Think about that for a moment: this writer hired an agent to represent all rights in the book, including movie and TV rights, and the agent had the writer sign a shopping agreement with a third party. Right there, that’s suspect. Because the agent should already have representatives from the agency (or a partner company) shopping the property.
This shopping agreement had no termination date, allowed the third party to shop the book to anyone who might make a film, a game, anything that moved, in technology developed or not yet developed, in territories around the world and the universe in perpetuity. For the duration of the agreement, the third party and the agent controlled all of those subsidiary rights in the project.
And the kicker? No money exchanged hands. The writer lost control of all subsidiary rights in her book project for no money and no reason, in perpetuity. All because her agent told her to sign the damn agreement. And the writer did.
And then she sent it to us as an example of the agent doing a good job.
. . . .
At first glance, these agent agreements, as they’re called, seem pretty benign. Most are no more than 3 pages long, and seem to be written in English.
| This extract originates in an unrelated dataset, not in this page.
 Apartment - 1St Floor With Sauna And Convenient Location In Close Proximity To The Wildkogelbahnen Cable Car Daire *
In fact, most of them are written in chatty language, usually in the form of a “letter,” so the writer thinks they’re signing something informal, when really, they’re signing a contract.
The worst one I’ve seen comes from a huge, very famous agency, whose chairman (and lead agent) apparently figured he could save money on legal fees, and cobbled an agreement together himself.
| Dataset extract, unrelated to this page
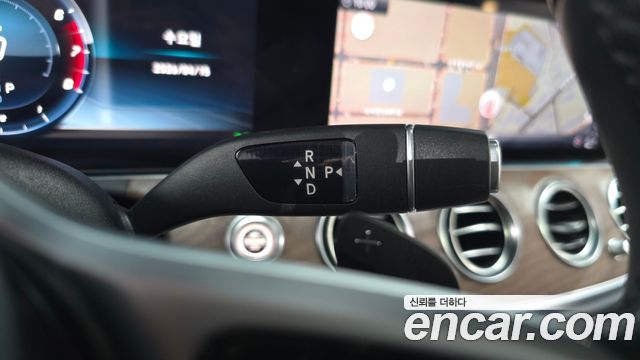 Mercedes-Benz E-Class E300 4MATIC Exclusive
It looked like it was made of spit and glue, and had many unenforceable clauses. I’m sure it’s been revised since by lawyers, because I know two writers who challenged the thing in court.
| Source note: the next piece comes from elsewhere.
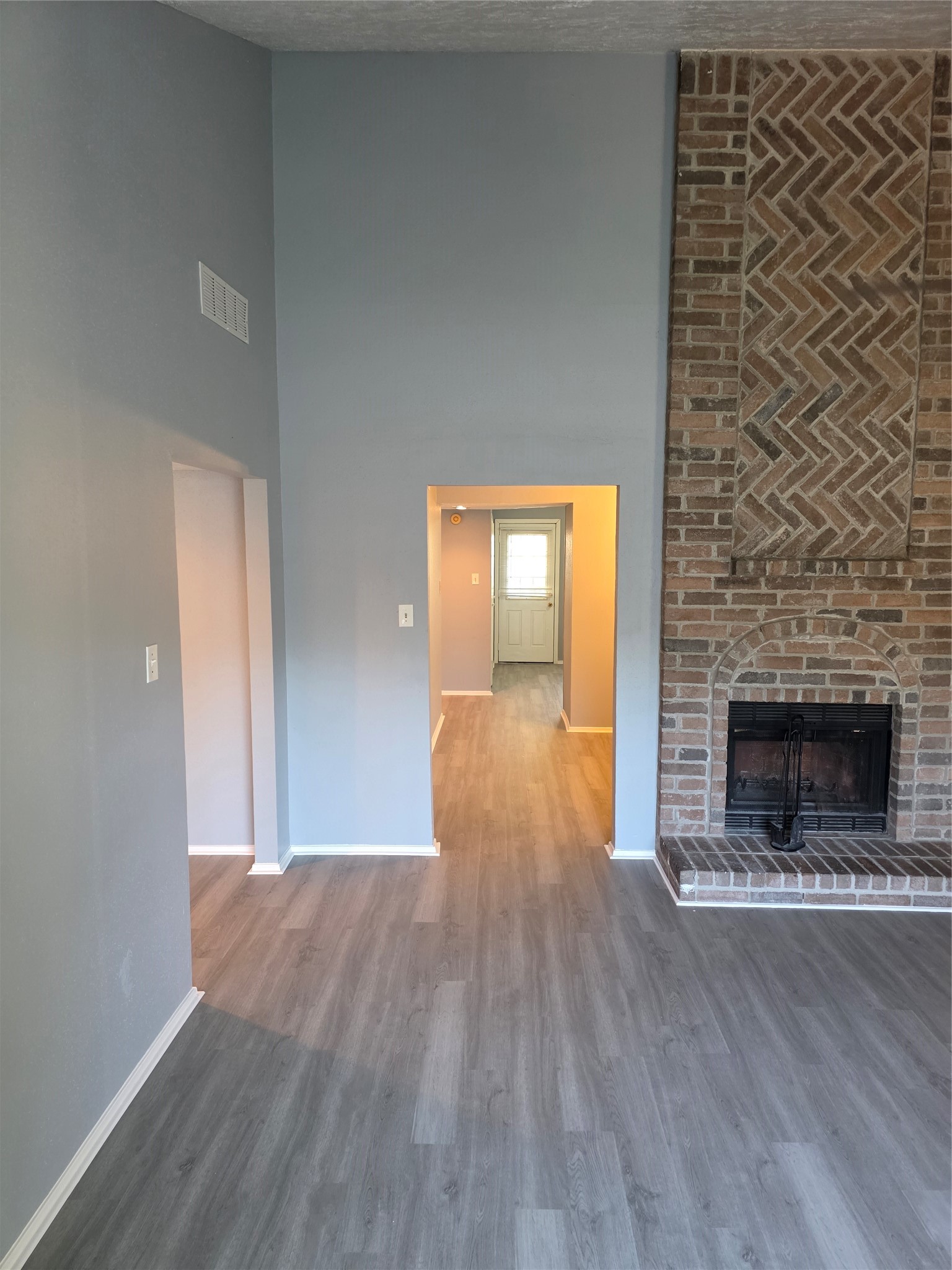 19302 Woodglen Drive Property Photo 20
But the version I have gave the agency 15% of the copyright in every project the agency represented. It said so flat out in the agreement. (I’m sure the updated version says the same thing, as well. I’m sure it says all the same things, except in better legalese.)
The agency also decided to cover its tushy by adding some version of this:
The writer agrees to follow any agent clause in a publishing contract to the letter.
In other words, that agent clause in your traditional publishing contract, the clause we discussed last week, the clause stuffed full of things that benefit the agent? Well, if you had no agreement like this with your agent, that clause is toothless.
If you have an agreement saying you will abide by the clause in that traditional publishing contract, then suddenly the clause has teeth. And so does every version of that clause you signed from the beginning of your relationship with the agent.
. . . .
The agreement I have before me, from a long-time agency, founded by one of the big name agents of the mid-20th century, has an agency agreement that looks like the chatty letter-type agreements I saw in the 1980s.
Until you read it.
And then you find clauses like this (the emphasis in bold is mine):
You hereby irrevocably assign to us and we shall be entitled to retain a sum equal to fifteen (15%) percent of all gross monies and other considerations paid to you or on your behalf with respect to any and all contracts negotiated and concluded under the terms of this agreement…
Well, you can delete the word “irrevocably” and the clause isn’t that bad, right? If they negotiated something, then they’re entitled to their percentage, right?
Um, the clause doesn’t stand by itself. Combine it with this baby:
This agreement is effective immediately and continues in effect until terminated by either party…We will continue to function as your agent and to receive our commission on all contracts negotiated and concluded during the term of this agreement, or within six (6) months following termination, if negotiations were commenced during the term hereof, and any modifications, replacements, extensions, and supplements of such contracts regardless of when made or by whom negotiated or when payments were received…
So imagine this: you fire the agency because they screwed up your negotiation. Say, maybe, they tried to give a free option to a big name actor, or something stupid like that.
You do the negotiating yourself on the deal (with a lawyer back-stopping you), get a movie option for six figures, that’s then made into a film for seven figures, plus the book the movie is founded on stays in print, and becomes a bestseller, and you renegotiate the contract and, according to this stupid agreement, you still have to pay the f***-up agent her 15%. The agent you fired because she was bad at negotiating.